Le Mont-de-Piété de Paris est finalement établi par Lettres-patentes le 9 décembre 1777, rue des Blancs-Manteaux. L’établissement parisien connaît un succès immédiat. Les sommes en jeu sont souvent modestes, et les emprunteurs n’hésitent pas à engager leurs objets quotidiens : chemises, matelas, montres ou boucles de soulier…

Dès l’origine le Mont-de Piété a une double fonction économique et sociale. Le principe du prêt sur gage à faible intérêt pratiqué incite à la prévoyance. Pour retirer son engagement, l’emprunteur doit d’abord économiser – et donc maîtriser ses revenus. Le prêt sur gage fonctionne aussi comme crédit à la consommation et/ou à la production, il soutient et dynamise l’activité économique des couches les plus modestes de la société en leur donnant une chance. Lorsqu’il présente son projet de Mont-de-Piété au Cardinal de Richelieu, Théophraste Renaudot insiste déjà sur cet aspect en soulignant l’impulsion que peut représenter un prêt temporaire pour un ouvrier qui souhaite acheter sa maîtrise ou pour un marchand qui veut lancer ses affaires.

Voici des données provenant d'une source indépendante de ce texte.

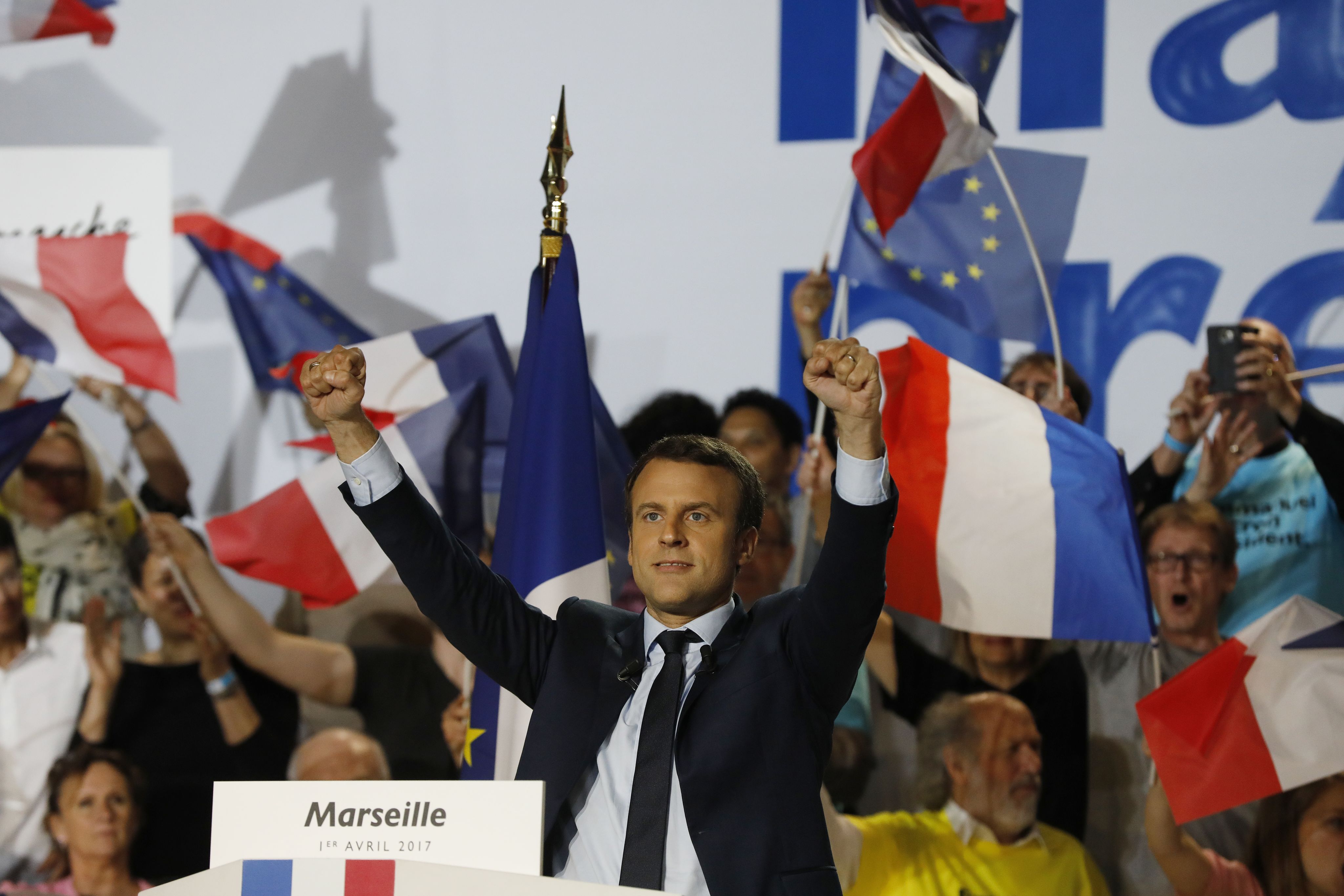 Emmanuel Macron en meeting le 1er avril à Marseille / Photo Thierry Garro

Mais la Révolution va momentanément remettre en cause le principe des Monts-de-Piété, puisque les Lois des 11 avril et 24 août 1793 proclame la totale liberté du commerce de l’argent, considéré comme « une marchandise comme les autres », et donc sans plafonnement des taux ni encadrement du prêt sur gage. Ces lois ont pour conséquence de légaliser l’usure, et de favoriser la réapparition des officines de prêteurs.

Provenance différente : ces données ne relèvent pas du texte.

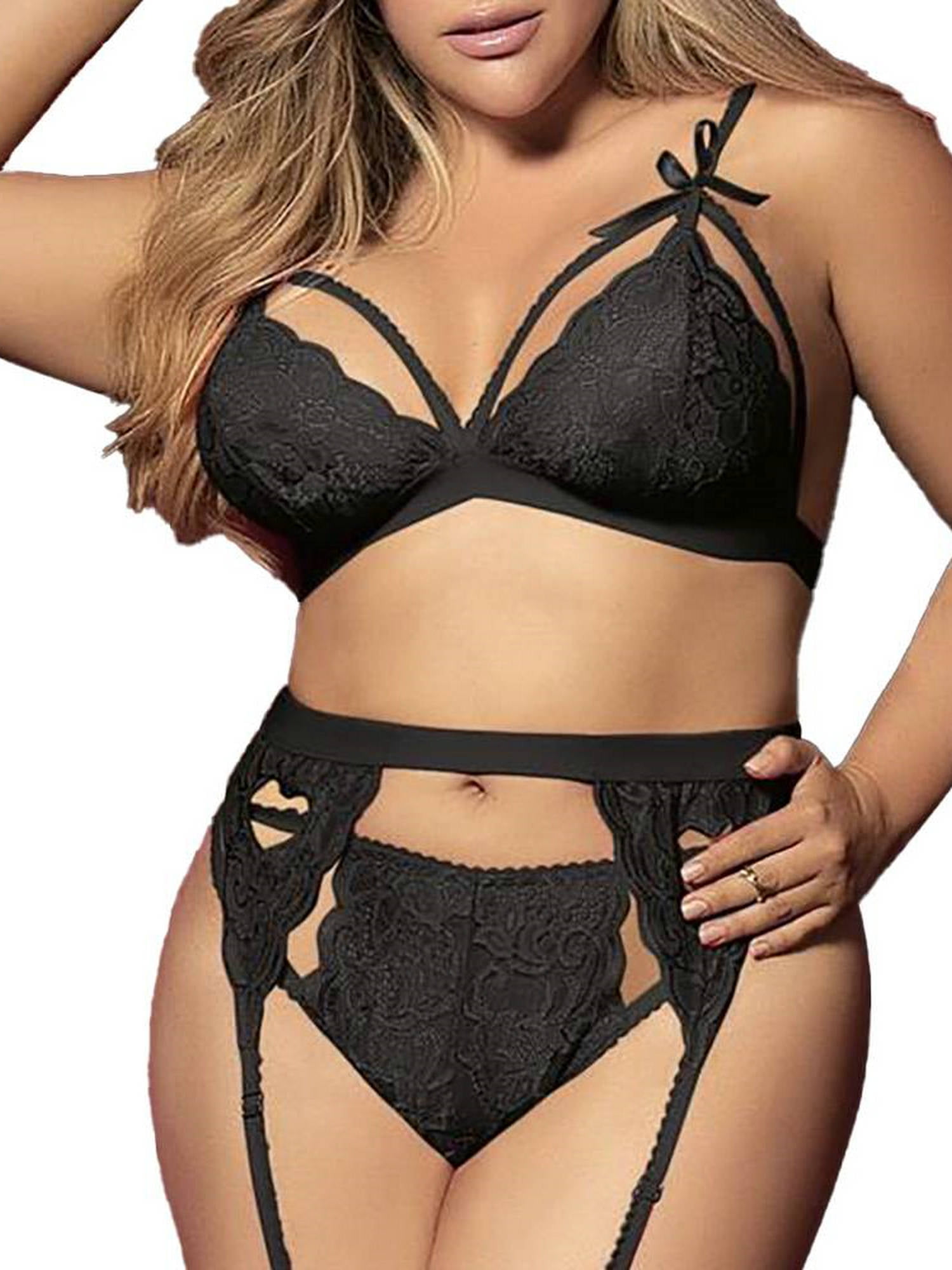 Enwejyy Women Valentine's Day Gift 3Pcs Outfits Lace Garter Belt Thongs  Lingerie Sets Plus Size (Not Include Stockings)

Il faut donc attendre le décret impérial de 1804, consolidé par la promulgation du Code civil de 1810, pour reconnaître officiellement aux Monts-de-piété le monopole public du prêt sur gage au profit des pauvres, et donner un cadre juridique commun à l’ensemble des établissements implantés sur le territoire. Cette législation est longue à mettre en place, mais elle est indispensable et recouvre des réalités économiques et sociales complexes. Au XIXème siècle, elle accompagne notamment l’émergence d’une nouvelle classe sociale pauvre et laborieuse, sur fond de révolution industrielle :

« Le cadre législatif et réglementaire ayant été posé par le Consulat et l’Empire à ses débuts, la période des monarchies constitutionnelles va être très favorable à l’institution [des monts-de-piété] dont le rôle social demeure primordial alors que la fonction d’organisme de crédit apparaît essentielle dans un paysage économique favorable, mais où la banque moderne reste encore à inventer. » (CLAP Sylvestre, Du Mont-de-Piété au Crédit Municipal)

En 1850, le rapport d’Adolphe De Watteville – Inspecteur général des établissements de bienfaisance- comptabilise 45 Monts-de-Piété sur l’ensemble du territoire. Ce rapport fait notamment cas du manque d’harmonisation des pratiques d’un établissement à l’autre, leur administration étant laissée à la discrétion du directeur. Ainsi, si certains Monts-de-Piété ont conservé le principe du prêt sans intérêt, le taux moyen appliqué dans les établissements se situe plutôt autour de 8%. De Watteville réclame une administration plus rationnelle et uniforme des Monts-de-Piété, qui ne doivent pas perdre de vue leur vocation première à aider « les classes souffrantes ».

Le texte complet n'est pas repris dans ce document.